Description of the task:
Among the entries below, find the line with "6815 N Milwaukee", then quote it and each following line up to and including the line with "Drone-Orbita-S", and nothing else.

╭──

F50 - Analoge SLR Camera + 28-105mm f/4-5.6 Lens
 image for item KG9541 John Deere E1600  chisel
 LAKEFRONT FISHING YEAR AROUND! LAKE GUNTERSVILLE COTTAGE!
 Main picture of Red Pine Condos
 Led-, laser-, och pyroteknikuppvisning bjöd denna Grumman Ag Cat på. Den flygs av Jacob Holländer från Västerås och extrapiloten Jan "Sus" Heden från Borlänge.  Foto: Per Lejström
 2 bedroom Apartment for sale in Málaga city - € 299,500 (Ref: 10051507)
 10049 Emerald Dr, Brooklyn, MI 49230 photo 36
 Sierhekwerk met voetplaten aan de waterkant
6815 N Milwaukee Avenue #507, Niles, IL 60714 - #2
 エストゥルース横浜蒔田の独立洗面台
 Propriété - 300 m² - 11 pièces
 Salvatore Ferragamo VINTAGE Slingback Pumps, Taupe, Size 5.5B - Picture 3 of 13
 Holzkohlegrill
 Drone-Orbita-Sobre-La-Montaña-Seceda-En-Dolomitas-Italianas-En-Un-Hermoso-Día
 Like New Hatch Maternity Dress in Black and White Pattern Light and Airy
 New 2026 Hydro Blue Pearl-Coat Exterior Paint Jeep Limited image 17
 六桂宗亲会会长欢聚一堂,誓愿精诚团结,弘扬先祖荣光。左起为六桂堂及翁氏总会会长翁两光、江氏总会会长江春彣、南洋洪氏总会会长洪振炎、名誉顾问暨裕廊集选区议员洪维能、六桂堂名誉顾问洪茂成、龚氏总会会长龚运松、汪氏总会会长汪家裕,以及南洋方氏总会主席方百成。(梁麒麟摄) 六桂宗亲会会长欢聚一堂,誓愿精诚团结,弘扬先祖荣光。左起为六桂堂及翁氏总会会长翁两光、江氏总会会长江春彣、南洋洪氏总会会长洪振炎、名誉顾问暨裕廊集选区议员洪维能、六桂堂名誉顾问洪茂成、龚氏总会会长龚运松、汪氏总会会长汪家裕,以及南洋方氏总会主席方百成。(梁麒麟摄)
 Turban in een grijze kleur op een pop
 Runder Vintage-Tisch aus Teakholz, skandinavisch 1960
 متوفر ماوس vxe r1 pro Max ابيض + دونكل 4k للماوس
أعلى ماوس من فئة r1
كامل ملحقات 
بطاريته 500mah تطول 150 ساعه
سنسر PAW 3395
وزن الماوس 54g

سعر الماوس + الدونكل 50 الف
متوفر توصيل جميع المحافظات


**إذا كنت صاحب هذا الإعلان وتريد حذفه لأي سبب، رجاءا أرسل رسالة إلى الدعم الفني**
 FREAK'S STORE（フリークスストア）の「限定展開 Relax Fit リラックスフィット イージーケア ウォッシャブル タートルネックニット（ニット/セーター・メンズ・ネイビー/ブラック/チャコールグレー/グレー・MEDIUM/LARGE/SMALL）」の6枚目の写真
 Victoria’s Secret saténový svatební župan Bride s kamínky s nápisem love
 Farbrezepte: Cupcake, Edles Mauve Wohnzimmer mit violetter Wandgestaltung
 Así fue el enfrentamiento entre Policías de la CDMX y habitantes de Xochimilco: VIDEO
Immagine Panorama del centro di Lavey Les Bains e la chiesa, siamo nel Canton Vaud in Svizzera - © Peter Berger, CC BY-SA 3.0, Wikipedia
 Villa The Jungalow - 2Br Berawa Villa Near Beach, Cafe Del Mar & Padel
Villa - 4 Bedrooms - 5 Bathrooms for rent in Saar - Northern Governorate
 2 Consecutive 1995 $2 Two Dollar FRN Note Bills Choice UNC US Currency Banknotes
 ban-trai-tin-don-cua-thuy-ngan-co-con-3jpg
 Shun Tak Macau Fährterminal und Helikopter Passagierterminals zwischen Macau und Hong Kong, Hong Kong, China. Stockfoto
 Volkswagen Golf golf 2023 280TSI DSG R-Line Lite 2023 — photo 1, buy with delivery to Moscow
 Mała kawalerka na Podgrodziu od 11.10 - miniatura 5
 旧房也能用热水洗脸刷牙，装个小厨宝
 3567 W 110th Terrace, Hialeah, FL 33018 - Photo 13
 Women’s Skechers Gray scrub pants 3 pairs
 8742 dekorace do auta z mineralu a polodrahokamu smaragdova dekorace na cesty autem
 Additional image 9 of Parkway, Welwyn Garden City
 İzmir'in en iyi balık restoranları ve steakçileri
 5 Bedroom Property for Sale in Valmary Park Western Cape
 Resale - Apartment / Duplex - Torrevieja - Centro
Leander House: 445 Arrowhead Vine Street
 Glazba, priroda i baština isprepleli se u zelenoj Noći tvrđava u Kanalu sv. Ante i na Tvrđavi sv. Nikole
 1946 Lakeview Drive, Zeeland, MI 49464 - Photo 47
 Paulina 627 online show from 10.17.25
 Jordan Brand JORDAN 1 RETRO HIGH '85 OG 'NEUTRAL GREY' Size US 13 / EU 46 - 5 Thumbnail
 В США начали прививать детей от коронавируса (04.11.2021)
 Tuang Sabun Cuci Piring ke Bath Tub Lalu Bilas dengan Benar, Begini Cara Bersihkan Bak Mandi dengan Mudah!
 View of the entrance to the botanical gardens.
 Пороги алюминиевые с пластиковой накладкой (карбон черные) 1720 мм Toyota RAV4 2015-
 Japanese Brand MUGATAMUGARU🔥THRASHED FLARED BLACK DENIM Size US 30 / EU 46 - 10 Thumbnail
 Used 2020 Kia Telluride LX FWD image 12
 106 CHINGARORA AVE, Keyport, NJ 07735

╰──

Solution:
6815 N Milwaukee Avenue #507, Niles, IL 60714 - #2
 エストゥルース横浜蒔田の独立洗面台
 Propriété - 300 m² - 11 pièces
 Salvatore Ferragamo VINTAGE Slingback Pumps, Taupe, Size 5.5B - Picture 3 of 13
 Holzkohlegrill
 Drone-Orbita-Sobre-La-Montaña-Seceda-En-Dolomitas-Italianas-En-Un-Hermoso-Día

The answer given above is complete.